Install the base package:

pip install pyansistring

Install extras when needed:

pip install pyansistring[img]            # For SVG export (installs fontTools)
pip install pyansistring[adapter-cowsay] # For the cowsay adapter
pip install pyansistring[adapters]       # All adapters
pip install pyansistring[all]            # Install everything

Quick Start

from pyansistring import ANSIString, Foreground, Background, SGR

text = (
    ANSIString("Hello, World!")
    .fg_4b(Foreground.YELLOW)
    .bg_4b(Background.BLUE)
    .style(SGR.BOLD)
)

print(text)

Usage Examples

The examples below are generated by examples/generate_usage_svg.py.

Unstyled text

from pyansistring import ANSIString

print(ANSIString("Hello, World!"))

unstyled

Whole-string styling

from pyansistring import ANSIString, Foreground, Background, SGR

print(
    ANSIString("Hello, World!")
    .fg_4b(Foreground.YELLOW)
    .bg_4b(Background.BLUE)
    .style(SGR.BOLD)
)

whole

Style by slice

from pyansistring import ANSIString, Foreground, Background, SGR

print(
    ANSIString("Hello, World!")
    .fg_4b(Foreground.YELLOW, (0, 5), (7, 12))
    .bg_4b(Background.BLUE, (7, 12))
    .style(SGR.BOLD, (7, 12))
)

slice

Style by words

from pyansistring import ANSIString, Foreground, Background, SGR

print(
    ANSIString("Hello, World!")
    .fg_4b_words(Foreground.YELLOW, "Hello", "World")
    .bg_4b_words(Background.BLUE, "World")
    .style_words(SGR.BOLD, "Hello", "World")
)

words

SGR attributes

from pyansistring import ANSIString, SGR

print(ANSIString("Hello, World!").style(SGR.BOLD).style(SGR.UNDERLINE))

sgr

4-bit, 8-bit, and 24-bit colors

from pyansistring import ANSIString, Foreground, Background

print(ANSIString("Hello, World!").fg_4b(Foreground.YELLOW).bg_4b(Background.BLUE))
print(ANSIString("Hello, World!").fg_8b(11).bg_8b(4).ul_8b(74))
print(ANSIString("Hello, World!").fg_24b(255, 255, 0).bg_24b(0, 0, 238).ul_24b(135, 175, 215))

4bit 8bit rgb

Underline modes

from pyansistring import ANSIString, UnderlineMode

print(
    ANSIString("Hello, World!")
    .bg_24b(255, 255, 255)
    .ul_24b(255, 0, 0)
    .style(UnderlineMode.DOUBLE)
)

underline

Rainbow

from pyansistring import ANSIString

print(ANSIString("Hello, World!
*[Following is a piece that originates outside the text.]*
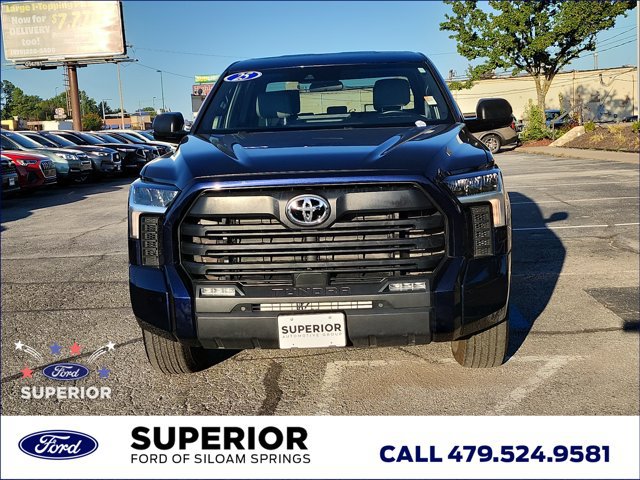 Used 2025 Toyota Tundra SR5 w/ SR5 Premium Package AWD/4WD image 9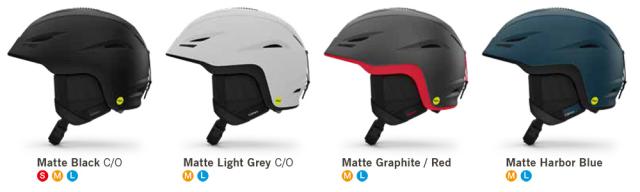 在庫限り最終特価】 GIRO SNOW HELMET [ UNION MIPS @29000] ジロ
This is rainbow text!").rainbow(fg=True))

rainbow

Gradient APIs

from pyansistring import ANSIString

print(
    ANSIString("Hello, World! This is gradient text!")
    .gradient([(84, 161, 255), (233, 200, 216)], fg=True)
)

print(
    ANSIString("Hello, colorful gradient world!")
    .gradient_words([(255, 99, 71), (255, 215, 0)], "Hello", "world", case_sensitive=False, fg=True)
)

print(
    ANSIString("HELLO\nworld")
    .gradient_coordinates(
        [(255, 0, 120), (0, 200, 255)],
        (1, 1),
        (2, 1),
        (3, 1),
        (4, 1),
        (5, 1),
        index_base=1,
        fg=True,
    )
)

gradient
gradient_words
gradient_coordinates

ArtRegistry and custom generators

from pyansistring import (
    ArtRegistry,
    ColorGeneratorContext,
    register_color_generator,
    unregister_color_generator,
)


def zigzag_generator(context: ColorGeneratorContext) -> list[tuple[int, int, int]]:
    palette = [
        (84, 161, 255),
        (255, 99, 71),
        (255, 215, 0),
        (120, 220, 160),
    ]
    return [palette[i % len(palette)] for i in range(max(2, context["step_count"]))]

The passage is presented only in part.